Dataset excerpts
== Segment start ==

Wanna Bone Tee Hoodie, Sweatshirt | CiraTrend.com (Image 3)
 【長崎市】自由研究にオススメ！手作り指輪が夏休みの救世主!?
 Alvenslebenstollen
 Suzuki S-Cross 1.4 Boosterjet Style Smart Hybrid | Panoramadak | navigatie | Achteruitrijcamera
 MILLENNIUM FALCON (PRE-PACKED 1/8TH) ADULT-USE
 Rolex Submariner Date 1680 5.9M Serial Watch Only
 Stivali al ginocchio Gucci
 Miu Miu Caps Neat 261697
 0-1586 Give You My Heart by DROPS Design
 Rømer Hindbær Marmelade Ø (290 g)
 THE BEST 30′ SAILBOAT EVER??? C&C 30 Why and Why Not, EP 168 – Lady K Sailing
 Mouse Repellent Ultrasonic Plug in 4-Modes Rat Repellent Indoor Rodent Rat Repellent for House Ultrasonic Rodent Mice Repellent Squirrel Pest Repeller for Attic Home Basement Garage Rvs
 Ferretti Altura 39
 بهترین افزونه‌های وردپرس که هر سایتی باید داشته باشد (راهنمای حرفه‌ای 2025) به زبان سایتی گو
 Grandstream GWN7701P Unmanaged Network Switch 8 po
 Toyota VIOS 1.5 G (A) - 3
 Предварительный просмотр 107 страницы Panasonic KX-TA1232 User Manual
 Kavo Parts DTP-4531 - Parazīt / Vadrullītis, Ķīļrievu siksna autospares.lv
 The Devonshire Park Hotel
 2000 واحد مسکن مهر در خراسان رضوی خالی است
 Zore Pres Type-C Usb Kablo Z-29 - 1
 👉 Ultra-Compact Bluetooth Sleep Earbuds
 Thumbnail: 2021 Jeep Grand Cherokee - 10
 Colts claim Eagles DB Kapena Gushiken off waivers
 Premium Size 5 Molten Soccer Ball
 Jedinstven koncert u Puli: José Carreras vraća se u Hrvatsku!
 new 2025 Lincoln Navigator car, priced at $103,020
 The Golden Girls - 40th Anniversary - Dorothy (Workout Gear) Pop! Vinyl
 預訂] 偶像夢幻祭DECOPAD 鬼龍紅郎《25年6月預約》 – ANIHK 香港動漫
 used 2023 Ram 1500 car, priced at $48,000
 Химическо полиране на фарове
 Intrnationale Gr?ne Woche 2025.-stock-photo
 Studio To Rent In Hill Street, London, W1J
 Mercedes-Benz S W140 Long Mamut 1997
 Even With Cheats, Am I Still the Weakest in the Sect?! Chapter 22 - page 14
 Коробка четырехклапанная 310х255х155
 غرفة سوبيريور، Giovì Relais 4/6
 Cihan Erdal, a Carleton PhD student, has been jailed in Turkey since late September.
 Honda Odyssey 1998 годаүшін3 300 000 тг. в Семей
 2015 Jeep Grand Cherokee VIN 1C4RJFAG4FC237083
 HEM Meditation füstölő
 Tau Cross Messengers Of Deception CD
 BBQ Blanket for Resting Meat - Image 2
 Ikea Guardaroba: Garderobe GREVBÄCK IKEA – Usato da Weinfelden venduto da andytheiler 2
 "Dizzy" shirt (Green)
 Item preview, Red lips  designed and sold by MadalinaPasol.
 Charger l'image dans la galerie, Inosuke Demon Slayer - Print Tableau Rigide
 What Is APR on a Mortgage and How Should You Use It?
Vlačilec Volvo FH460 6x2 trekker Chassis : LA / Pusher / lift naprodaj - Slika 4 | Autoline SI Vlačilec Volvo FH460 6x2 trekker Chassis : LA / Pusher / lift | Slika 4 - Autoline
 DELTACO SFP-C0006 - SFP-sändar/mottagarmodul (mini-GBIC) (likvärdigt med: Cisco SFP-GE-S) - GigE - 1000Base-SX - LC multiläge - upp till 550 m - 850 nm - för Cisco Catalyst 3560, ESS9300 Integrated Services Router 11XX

== Segment end ==

→ **Problem requirements**
Tally the lines above containing "Cherokee". Answer with the count only.

→ **Response to this exercise**
2